London is a city in Southwestern Ontario, Canada  along the Quebec City – Windsor Corridor  with a metropolitan area population of 457,720; the city proper had a population of 352,395 in the 2006 Canadian census. The estimated metro population in 2009 was 489,274. London is the seat of Middlesex County, at the forks of the non-navigable Thames River, approximately halfway between Toronto, Ontario and Detroit, Michigan. The City of London is a separated municipality, politically separate  from Middlesex County, though it remains the official county seat.

London was first permanently settled by Europeans between 1801 and 1804 by Peter Hagerman and became a village in 1826. Since then, London has grown into the largest Southwestern Ontario municipality, annexing many of the smaller communities that surrounded it. The city has developed a strong focus towards education, health care, tourism, and manufacturing.

The village of London was not founded until 1826, and not as the capital Simcoe envisioned. Rather, it was an administrative seat for the area west of the actual capital, York (now Toronto). Locally, it was part of the Talbot Settlement, named for Colonel Thomas Talbot, the chief coloniser of the area, who oversaw the land surveying and built the first government buildings for the administration of the Western Ontario peninsular region.[10]  Together with the rest of Southwestern Ontario, the village benefited from Talbot’s provisions, not only for building and maintaining roads, but also for assignment of access priorities to main routes to productive land. At the time, Crown and clergy reserves were receiving preference in the rest of Ontario.

In 1832, the new settlement suffered an outbreak of cholera. London proved a centre of strong Tory support during the Upper Canada Rebellion of 1837, notwithstanding a brief rebellion led by Dr. Charles Duncombe. Consequently, the British government located its Ontario peninsular garrison there in 1838, increasing its population with soldiers and their dependents, and the business support populations they required.
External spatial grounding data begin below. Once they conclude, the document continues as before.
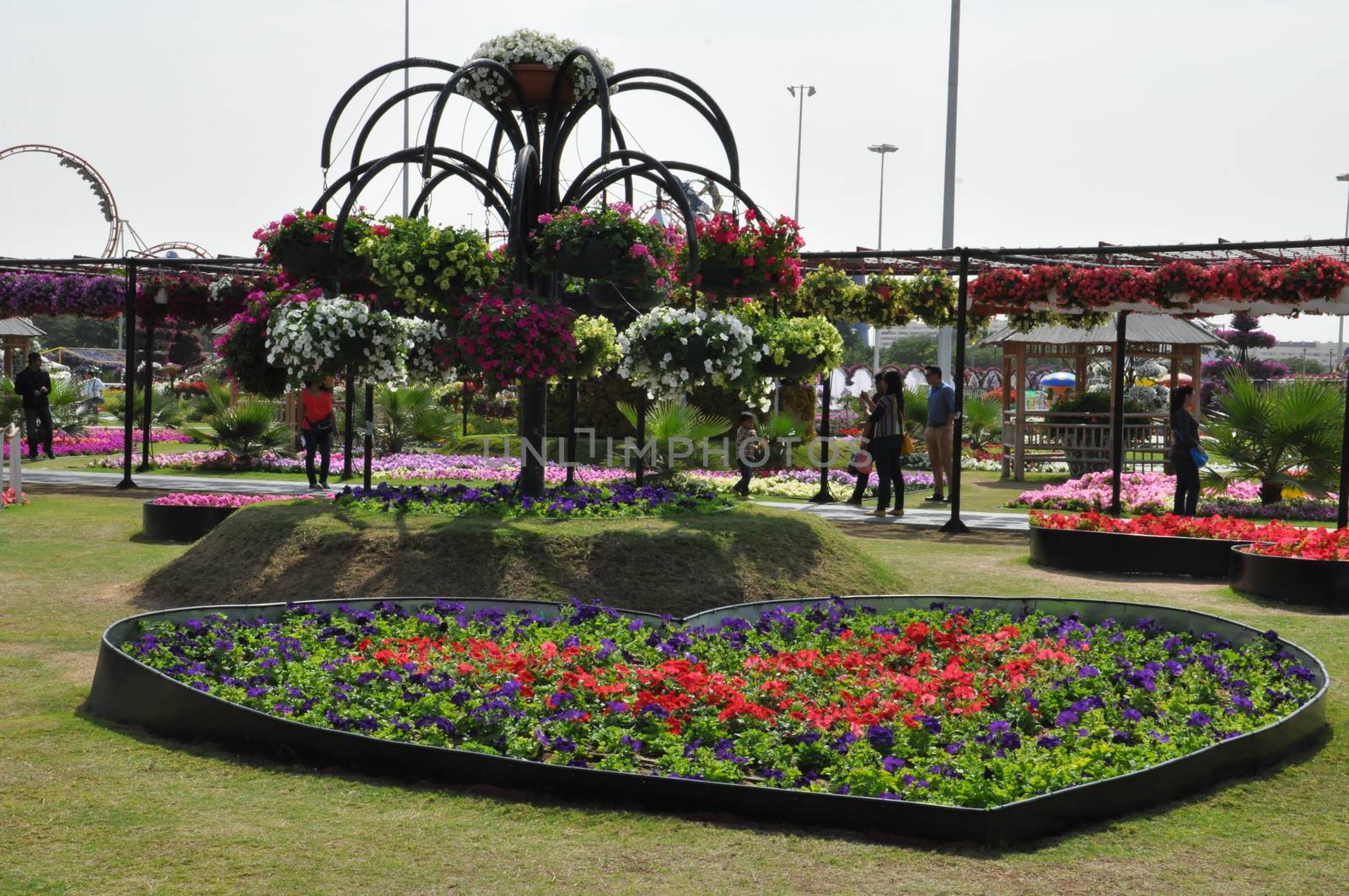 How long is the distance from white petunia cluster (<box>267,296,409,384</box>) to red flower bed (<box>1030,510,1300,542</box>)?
19.3ft

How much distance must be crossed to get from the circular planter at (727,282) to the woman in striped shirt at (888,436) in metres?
5.04

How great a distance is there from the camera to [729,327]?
34.0 feet

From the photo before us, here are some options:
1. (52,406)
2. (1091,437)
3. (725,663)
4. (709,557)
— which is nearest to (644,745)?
(725,663)

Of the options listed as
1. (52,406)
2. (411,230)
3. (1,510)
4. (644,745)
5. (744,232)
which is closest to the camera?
(644,745)

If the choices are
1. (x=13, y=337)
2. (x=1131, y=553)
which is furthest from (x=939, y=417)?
(x=13, y=337)

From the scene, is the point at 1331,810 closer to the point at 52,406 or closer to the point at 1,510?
the point at 1,510

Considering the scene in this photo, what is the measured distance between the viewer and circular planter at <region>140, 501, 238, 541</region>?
42.6 ft

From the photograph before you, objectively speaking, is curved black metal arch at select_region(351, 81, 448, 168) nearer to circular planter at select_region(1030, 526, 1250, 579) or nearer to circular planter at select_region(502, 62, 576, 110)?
circular planter at select_region(502, 62, 576, 110)

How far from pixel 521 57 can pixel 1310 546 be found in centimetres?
708

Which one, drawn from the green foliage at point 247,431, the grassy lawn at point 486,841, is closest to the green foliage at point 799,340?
the grassy lawn at point 486,841

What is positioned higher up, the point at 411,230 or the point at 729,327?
the point at 411,230

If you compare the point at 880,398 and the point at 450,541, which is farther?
the point at 880,398

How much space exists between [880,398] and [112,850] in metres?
12.4

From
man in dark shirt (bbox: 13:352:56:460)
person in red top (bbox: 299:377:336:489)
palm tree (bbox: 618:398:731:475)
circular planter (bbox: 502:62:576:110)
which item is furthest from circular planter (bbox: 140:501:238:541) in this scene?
man in dark shirt (bbox: 13:352:56:460) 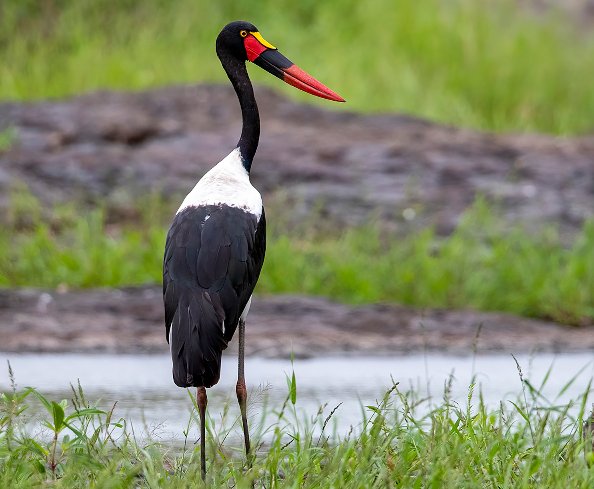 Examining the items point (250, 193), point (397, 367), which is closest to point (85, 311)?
point (397, 367)

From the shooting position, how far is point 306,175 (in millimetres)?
10945

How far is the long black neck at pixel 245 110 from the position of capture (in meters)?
5.15

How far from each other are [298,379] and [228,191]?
7.63 feet

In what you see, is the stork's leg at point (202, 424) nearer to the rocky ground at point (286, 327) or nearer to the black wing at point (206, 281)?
the black wing at point (206, 281)

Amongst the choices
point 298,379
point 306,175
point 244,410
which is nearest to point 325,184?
point 306,175

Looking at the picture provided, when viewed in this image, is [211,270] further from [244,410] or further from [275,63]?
[275,63]

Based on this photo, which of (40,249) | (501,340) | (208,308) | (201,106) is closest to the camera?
(208,308)

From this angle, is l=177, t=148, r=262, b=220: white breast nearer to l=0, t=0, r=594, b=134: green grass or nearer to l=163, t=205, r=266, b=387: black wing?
l=163, t=205, r=266, b=387: black wing

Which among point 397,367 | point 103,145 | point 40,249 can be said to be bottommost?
point 397,367

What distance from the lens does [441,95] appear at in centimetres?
1398

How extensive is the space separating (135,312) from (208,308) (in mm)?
4048

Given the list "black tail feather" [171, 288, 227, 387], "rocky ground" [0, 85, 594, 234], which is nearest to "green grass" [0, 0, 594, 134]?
"rocky ground" [0, 85, 594, 234]

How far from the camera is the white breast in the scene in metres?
4.74

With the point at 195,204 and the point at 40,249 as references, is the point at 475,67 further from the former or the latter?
the point at 195,204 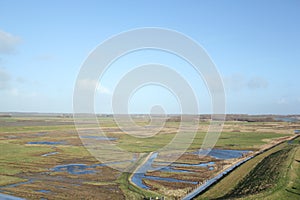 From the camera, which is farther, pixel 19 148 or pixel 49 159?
pixel 19 148

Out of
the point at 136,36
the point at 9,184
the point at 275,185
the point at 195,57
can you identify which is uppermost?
the point at 136,36

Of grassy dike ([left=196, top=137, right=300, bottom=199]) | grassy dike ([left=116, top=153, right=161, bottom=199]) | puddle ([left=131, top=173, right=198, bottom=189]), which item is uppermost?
grassy dike ([left=196, top=137, right=300, bottom=199])

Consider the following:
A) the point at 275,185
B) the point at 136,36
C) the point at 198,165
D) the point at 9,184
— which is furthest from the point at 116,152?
the point at 275,185

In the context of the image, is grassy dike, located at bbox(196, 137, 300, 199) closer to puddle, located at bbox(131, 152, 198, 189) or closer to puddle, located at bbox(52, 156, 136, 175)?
puddle, located at bbox(131, 152, 198, 189)

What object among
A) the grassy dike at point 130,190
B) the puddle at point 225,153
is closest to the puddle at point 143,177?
the grassy dike at point 130,190

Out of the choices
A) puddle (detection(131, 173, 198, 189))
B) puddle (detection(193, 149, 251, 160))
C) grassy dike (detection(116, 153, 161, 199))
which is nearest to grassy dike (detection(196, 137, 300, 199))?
puddle (detection(131, 173, 198, 189))

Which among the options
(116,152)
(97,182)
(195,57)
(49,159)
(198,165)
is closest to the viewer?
(195,57)

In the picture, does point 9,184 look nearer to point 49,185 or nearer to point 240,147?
point 49,185

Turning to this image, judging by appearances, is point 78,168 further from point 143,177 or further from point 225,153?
point 225,153

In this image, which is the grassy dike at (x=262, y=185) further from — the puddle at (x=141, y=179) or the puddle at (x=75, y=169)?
the puddle at (x=75, y=169)

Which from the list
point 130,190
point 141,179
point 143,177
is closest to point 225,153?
point 143,177

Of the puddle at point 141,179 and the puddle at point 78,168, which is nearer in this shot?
the puddle at point 141,179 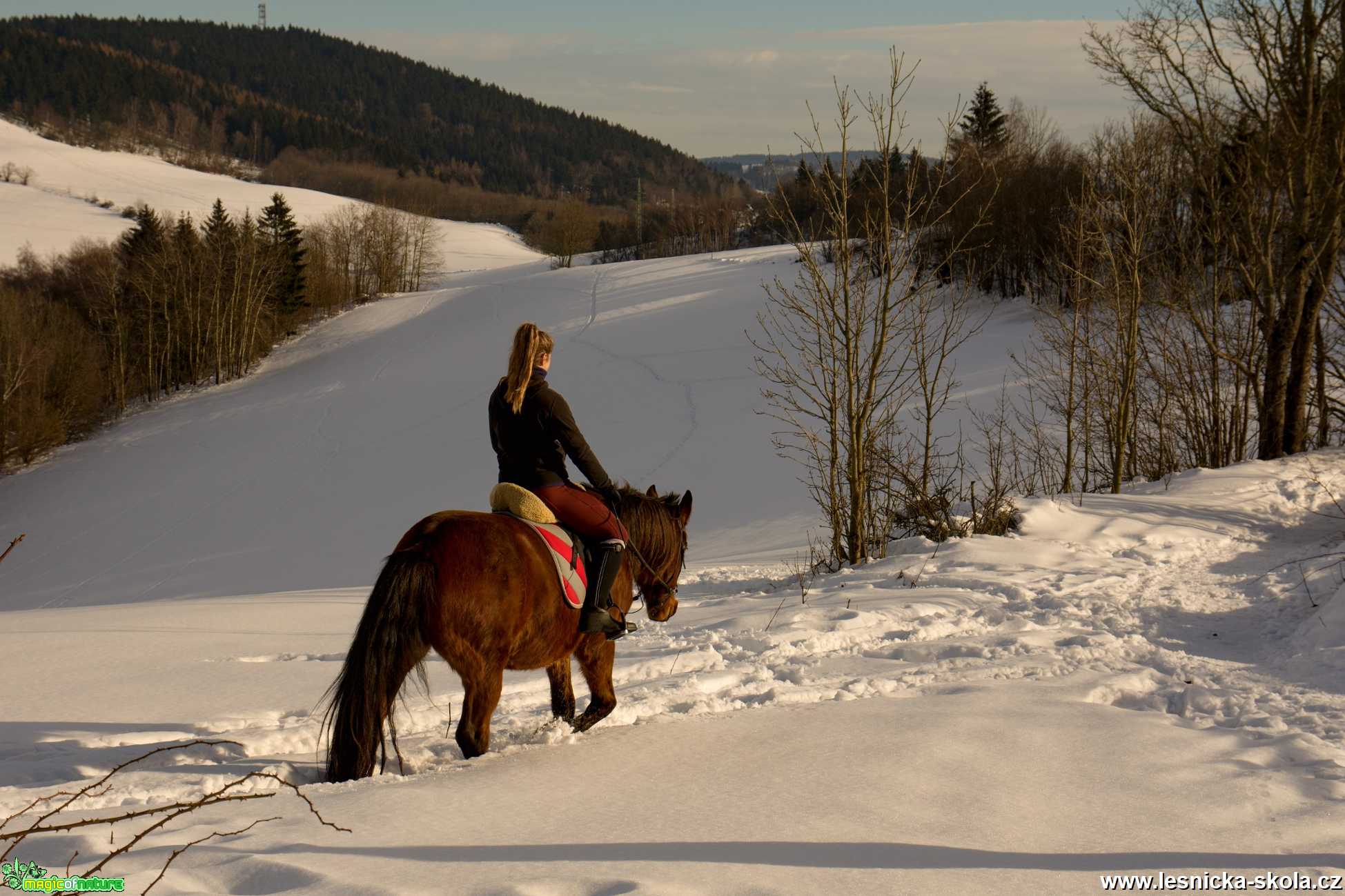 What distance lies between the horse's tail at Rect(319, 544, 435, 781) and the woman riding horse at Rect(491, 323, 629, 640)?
3.19ft

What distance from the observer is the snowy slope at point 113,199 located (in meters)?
86.5

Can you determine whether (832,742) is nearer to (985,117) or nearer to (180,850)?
(180,850)

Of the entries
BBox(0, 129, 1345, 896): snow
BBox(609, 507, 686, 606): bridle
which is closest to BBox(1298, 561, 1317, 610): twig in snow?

London was incorporated as a town in 1840.

On April 13, 1845, fire destroyed much of London, which was at the time largely constructed of wooden buildings. One of the first casualties was the town’s only fire engine. On January 1, 1855, London was incorporated as a “city” (10,000 or more residents). London was a “city within a forest” and as such earned the nickname “The Forest City.”

In the 1860s, a sulphur spring was discovered at the forks of the Thames River while industrialists were drilling for oil. The springs became a popular destination for wealthy Ontarians, until the turn of the 20th century when a textile factory was built at the site, replacing the spa.